I am terrified. I am a bag of mixed emotions. All day I have been preoccupied, getting ready for our trip, but in the back of my head I’ve been trying to map out my emotions about his first day at school. I think more than how I feel, I’ve been trying to figure out how he must feel. I know he’s ready. But is he really ready? Is he going to understand? Is he going to follow instructions? Eat his lunch? Is he going to call the teacher poopy head? I just wonder what a 4 year old feels like the night before he goes to school. We tried to prepare him and his brother, but I still can’t figure out if he’s excited, nervous, happy, worried.

Can't believe he's class of 2028!! Shirt from Grow With Me Tee
Can’t believe he’s class of 2028!! Shirt from Grow With Me Tee

Our school does things a bit differently. Tomorrow and Friday they have half days, but the parents are welcomed and encouraged to stay for the first hour and a half. I am already thinking about that time I will be studying him. How he acts around a new group of friends, how he settles. I will NOT cry, I will hold my tears like a champ. But somehow I can’t be sad right now. I am freaking out but with 2 other kids I can’t help to think positive and imagine how special it will be for the siblings to get that alone time. Anyways I think I will try to sleep now so I can wake up and make you a proper healthy breakfast.

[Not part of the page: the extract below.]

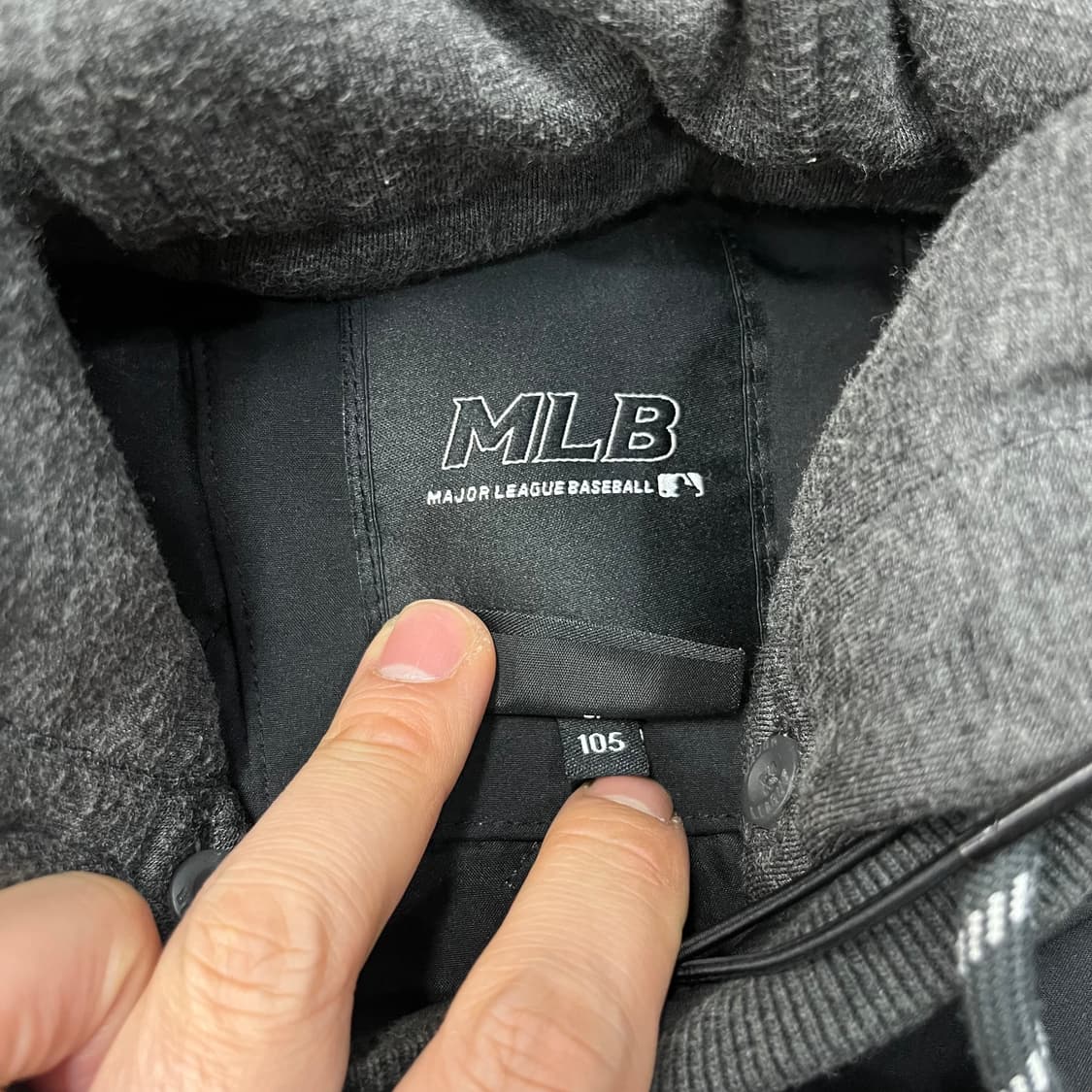  MLB 양키즈 자켓 상품이미지5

Just wanted to jot down this contradiction, jumbled, rambling emotions. I think the hardest part of parenting is those milestones. Not because we are in denial of our kids growing up, is because it really does go that fast. I can still recall every single moment of my pregnancy of my labor, of his first-second-third-and forth birthday. It has gone too fast. I do find comfort in knowing and believing that I have enjoyed every step of the way. And that although things could’ve been much different, I would still love him the same way.

 

One Reply to “The night before Pre-K”

  1. Hey Marla,
    It’s overwhelming, but it will end up being a good thing. I was the same way with my oldest child. We did so much together. School ended up being wonderful for him and we got closer because of it.